Regarding Peter's question, I think I can list several different issues, not all of which are addressed by simply paring down what's shown in "current" indexes.

  1. The size of the index page makes it slow to serve, transmit and view. (Recalling the slow performance of big tables that I've seen in some browsers reminds me that using a table-based layout may make this worse.)
  2. The time it takes hypermail to process a new article increases geometrically with the number of articles in the archive. This may not be an issue with v2, I don't know. (It may not even be *true* with v2, but it seems likely that it is.) All my really big archives are using our local v1+. I'll see if I can come up with a realistic way to "overpopulate" my test archive and see if v2 will care about this.
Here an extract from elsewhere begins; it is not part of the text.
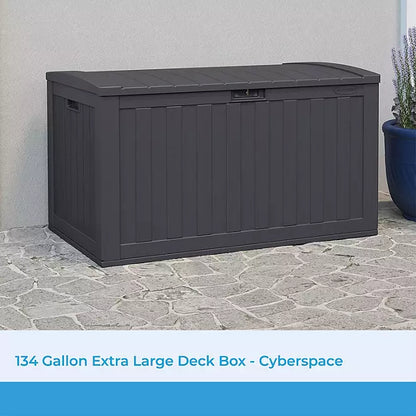 Suncast 134 Gal. XL Deck Box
If v2 is sufficiently fast and effective (or robust against intermittent overloading), then subdivided indexes will solve more of the overall concern.
  3. I need a reasonable method to let messages expire, or to delete (or "inactivate" -- I'd use the term "archive" if it weren't overloaded here) messages that are no longer of interest.
  4. In general, more recent information is of greater interest than "old" information; hierarchical indexing allows more useful organization based on how likely it is the information will be required.

Finally, Peter wrote:
> There are still some performance reasons to want to break up large
> directories, but I suspect it will be a while before anyone implements
> a clean way to do that.

Yeah, I'm not quite running into size-of-directory problems, per se. Any subdivision (or other management) approach that involves saving incoming messages intact increases the overall filesystem load, although presumably one can put the mboxes in separate directories if that's an issue.

There is one other problem that no one's raised - the "m10k" problem inherent in the NNNN.html filenaming scheme. My guess is all the other reasons to subdivide will come into play before our installation runs into that one, but ymmv.

I do see that a lot of archive management issues are simplified by saving all the incoming messages intact. I wish we'd taken that approach three years ago. :-/ Maybe we'll start better late than never.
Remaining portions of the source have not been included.